Scientific Data Going Going Gone

December 20, 2013

Years ago I did a report for a sci-tech database publisher. I wrote up the results of a number of on site visits at research universities. I reported that there was no mechanism to preserve researchers’ data. The reason was pretty obvious: Research facilities at universities are less important than sports teams, business activities, and fund raising. When the researcher moved on, the data just sat somewhere until there was a housecleaning or a hard drive wiped. If financial support disappeared, none of the facilities I visited had an old school records management system in place. If a researcher took the data with him or her, those data may or may not have been managed in a thoughtful way. On to the next grant, tally ho.

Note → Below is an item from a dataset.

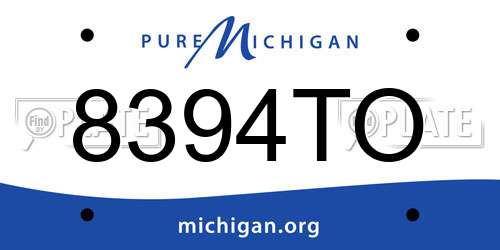 8394TO Michigan License Plate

I was not surprised to read “Researchers Say Valuable Scientific Data Disappearing at Alarming Rate.” (If this link 404s you are on your own, you Google search experts, you.) Here’s the passage I noted:

While all data sets were available two years after publication, the odds of obtaining the underlying data dropped by 17 per cent per year after that, they reported.

So when did I do my report for the grand viziers at the sci-tech outfit? It was 1998. How about that data half life?

Why didn’t the database publishing company fund a program to archive research data? In my experience, the notion of capturing raw data was too far from the familiar path of summarizing articles and selling access to those summaries to libraries.

Too late now? Maybe. This is one more example of “if it is not available, how can one search for information and data”? Will the sci-tech database company remember my report and diagram? Nah. The familiar way is the better way I suppose.